Mais, quand Corentin veut introduire des règles nouvelles, quelque peu contraires aux bons et beaux sentiments qui régissent cet univers, le logiciel bugge. C’est en essayant de le débrider qu’il introduit un virus. Ce dernier fait disparaître les personnages. Alors que Corentin cherche à détruire le dit virus, il est happé par le simulateur et le voilà au paradis.
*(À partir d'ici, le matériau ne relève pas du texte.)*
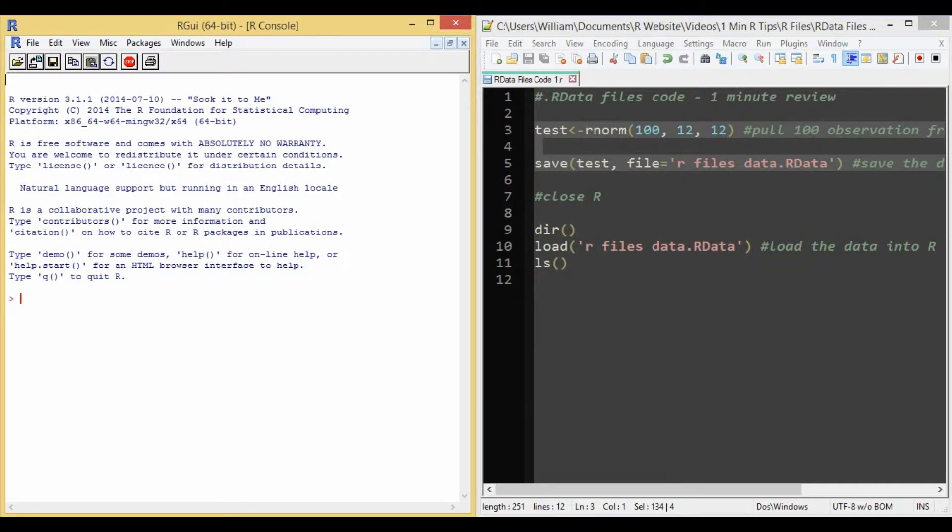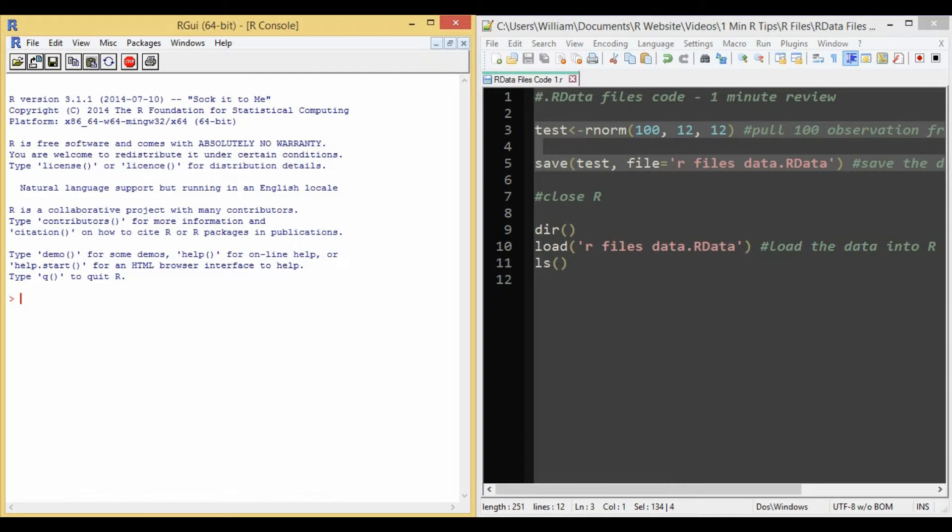We'll create data from a normal distribution and call it test, which we do in line 3. Then we save it in a file called R files data dot R data. Now it's done on line 5.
Mais le paradis est-il aussi bien qu’on veut nous le faire croire ? Et... existe-t-il ?
La passion actuelle pour les jeux de simulation et autres créateurs de mondes virtuels illustre bien la perpétuelle nécessité d’évasion, de distraction des individus, quelles que soient les époques. Gudule a bien saisi l’enjeu et l’intérêt qu’offre l’informatique en la matière avec cette possibilité de modeler soi-même un univers imaginaire et de le configurer à ses besoins. Comparativement, le livre, le film et les autres modes de distraction obligent à suivre la trame, l’histoire imposée par l’auteur.
Gudule, à travers l’aventure de Corentin, aborde la situation des « ados » qui se retrouvent tiraillés entre des parents en rupture. Ces derniers, souvent déstabilisés, fragilisés, leur demandent d’assumer des responsabilités qui ne sont pas les leurs. Parfois, ils les culpabilisent et leur font un chantage affectif, les forçant à être les témoins impuissants de leur antagonisme.
Mais Gudule illustre, avec l’attitude de Corentin, le fameux adage selon lequel : "L’herbe est plus verte ailleurs." Elle montre aussi que, sous des dehors honnêtes, charmants, se dissimulent des drames, de la malveillance. Le nombre de jeunes, victimes d’inceste dans des familles qui montrent une image idéale, est légion, sans parler de la pédophilie sous couvert de religion.
Jouant sur le concept des mondes parallèles, l’auteur élabore, avec une grande sensibilité et une justesse de ton, une histoire attrayante servie par des personnages crédibles et attachants.